Photo by Sara Brueske.

Sunday, July 1, 2012

Philosphohy and Reality

"Having a personal philosophy is like  having a pet marmoset, because it may be very attractive when you acquire it, but there maybe situations when it will not come in handy at all."
                                                                                             ~Lemony Snicket

"Be happy."

That's great.

Now what?

After our trip to the BWCA, I had a vague idea that I would do more hiking with Rubi. She seems to enjoy it just a little bit more than my other dogs, and I love hiking, so it seemed like a good idea. Unfortunately, my right knee still hasn't recovered from our trip, and I've been given strict doctor's orders not to - well, basically not to do anything I enjoy. Or stairs (because who really enjoys stairs?).  So I'm hesitant to make any goals that revolve around being more physically active.

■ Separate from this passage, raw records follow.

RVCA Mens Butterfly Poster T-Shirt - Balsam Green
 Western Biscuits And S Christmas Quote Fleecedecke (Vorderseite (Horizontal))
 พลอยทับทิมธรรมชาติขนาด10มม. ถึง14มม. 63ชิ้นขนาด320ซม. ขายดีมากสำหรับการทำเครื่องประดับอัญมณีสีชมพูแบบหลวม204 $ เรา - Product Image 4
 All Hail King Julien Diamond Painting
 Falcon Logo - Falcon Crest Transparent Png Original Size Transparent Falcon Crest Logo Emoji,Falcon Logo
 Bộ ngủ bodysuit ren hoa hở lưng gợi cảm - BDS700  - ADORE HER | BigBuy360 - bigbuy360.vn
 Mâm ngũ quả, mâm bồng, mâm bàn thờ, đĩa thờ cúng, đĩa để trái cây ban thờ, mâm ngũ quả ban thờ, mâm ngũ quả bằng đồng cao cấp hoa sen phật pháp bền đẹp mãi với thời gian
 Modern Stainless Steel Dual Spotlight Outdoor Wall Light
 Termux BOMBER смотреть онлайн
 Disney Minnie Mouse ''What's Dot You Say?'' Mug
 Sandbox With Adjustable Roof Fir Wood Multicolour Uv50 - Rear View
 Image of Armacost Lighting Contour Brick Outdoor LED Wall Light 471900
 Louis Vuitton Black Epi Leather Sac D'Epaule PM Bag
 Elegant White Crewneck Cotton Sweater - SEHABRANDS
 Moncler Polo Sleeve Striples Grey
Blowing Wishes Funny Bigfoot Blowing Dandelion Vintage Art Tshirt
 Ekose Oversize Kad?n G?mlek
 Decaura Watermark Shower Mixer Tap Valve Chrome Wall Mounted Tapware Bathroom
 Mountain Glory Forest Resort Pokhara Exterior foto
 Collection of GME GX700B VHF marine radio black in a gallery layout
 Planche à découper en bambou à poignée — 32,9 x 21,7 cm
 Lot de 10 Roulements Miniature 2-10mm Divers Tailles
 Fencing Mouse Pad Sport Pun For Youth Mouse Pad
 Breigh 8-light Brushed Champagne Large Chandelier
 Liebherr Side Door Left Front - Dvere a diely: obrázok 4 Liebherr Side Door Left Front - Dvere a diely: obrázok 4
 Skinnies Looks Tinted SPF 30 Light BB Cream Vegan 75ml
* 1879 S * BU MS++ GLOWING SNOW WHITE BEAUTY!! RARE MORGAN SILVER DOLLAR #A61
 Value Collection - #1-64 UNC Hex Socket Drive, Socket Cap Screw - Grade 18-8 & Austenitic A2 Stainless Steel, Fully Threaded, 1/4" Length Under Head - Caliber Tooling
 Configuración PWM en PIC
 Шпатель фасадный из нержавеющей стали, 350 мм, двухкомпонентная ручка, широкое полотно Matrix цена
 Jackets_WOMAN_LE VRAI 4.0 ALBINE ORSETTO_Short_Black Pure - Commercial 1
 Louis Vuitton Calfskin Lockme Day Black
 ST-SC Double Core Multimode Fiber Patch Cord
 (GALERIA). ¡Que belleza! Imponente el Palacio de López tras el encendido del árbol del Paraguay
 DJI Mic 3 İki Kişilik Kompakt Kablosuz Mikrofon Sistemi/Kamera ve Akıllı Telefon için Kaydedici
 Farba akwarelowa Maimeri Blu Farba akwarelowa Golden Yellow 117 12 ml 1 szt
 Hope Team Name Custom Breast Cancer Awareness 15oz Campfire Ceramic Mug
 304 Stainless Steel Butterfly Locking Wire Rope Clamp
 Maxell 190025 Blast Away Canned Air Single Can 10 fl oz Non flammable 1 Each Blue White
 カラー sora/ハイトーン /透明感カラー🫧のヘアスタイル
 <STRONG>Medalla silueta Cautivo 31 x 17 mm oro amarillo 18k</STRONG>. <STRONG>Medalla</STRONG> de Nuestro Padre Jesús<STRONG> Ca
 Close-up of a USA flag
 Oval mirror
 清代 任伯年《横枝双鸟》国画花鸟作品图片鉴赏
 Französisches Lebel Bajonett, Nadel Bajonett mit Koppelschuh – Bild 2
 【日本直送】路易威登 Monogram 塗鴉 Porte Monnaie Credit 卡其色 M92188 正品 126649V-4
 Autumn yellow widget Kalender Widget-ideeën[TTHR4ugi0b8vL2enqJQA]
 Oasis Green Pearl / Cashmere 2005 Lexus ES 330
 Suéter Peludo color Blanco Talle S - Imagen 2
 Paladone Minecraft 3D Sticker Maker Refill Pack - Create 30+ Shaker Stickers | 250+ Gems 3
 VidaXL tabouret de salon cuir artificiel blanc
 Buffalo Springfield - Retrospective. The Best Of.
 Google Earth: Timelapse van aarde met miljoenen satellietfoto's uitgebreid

That's not to say we won't be doing anything at all. I believe that trained dogs are happier dogs. They have opportunities that poorly behaved dogs just don't get. Rubi loves the work we do with the dog safety program, so I've signed her up for one at the end of the month. It will be her first program with another dog (Andy the Arm Candy, who she lived with, so I'm hoping will be no big deal), and it will her first time doing more than one program in a single day.

Typically, ARLP's Dog Safety programs run about 20-30 minutes each, and I know Rubi can handle that. The day I've signed us up for will be three programs, so Rubi will be working pretty solidly for a whole hour and a half. This might seem like a big jump, but in February we did a presentation at a high school on impulse control that was an hour long, and it wasn't a disaster. So the program at the end of the month with Andy seems like a reasonable challenge.

Rubi rockin' the impulse control.
Dog Safety programs that are appropriate for Rubi only come along every few months, though. Which means we need something else to occupy our time. I have a few other vague ideas for activities that don't involve a lot of moving on my part, but all of them involve being around other dogs.

Houston, we have a problem.

Every our meltdown with the GSD back in March (and I do mean "our meltdown" - I handled that incident about as well as B did), Rubi's been inconsistent in her reactions to other dogs. Sometimes she's her old self; sometimes, she's her really old, banshee screamin' self. She's gotten a bit unpredictable, too, which never used to be a problem. I can't always pick out which dogs she'll pitch a fit over, and which ones she'll be okay with. It doesn't help that I avoided the issue in favor of working on behaviors for the camping trip, but it's something we're going to have to work on in order to move on with our lives.

So we've once again resumed the search for a Rubi-appropriate class. I've had a few promising leads, and it looks like it'll come down to what's available when my next paycheck comes in. One thing's for sure -

There's happy times ahead!

Rubi loves herself some school learnin'.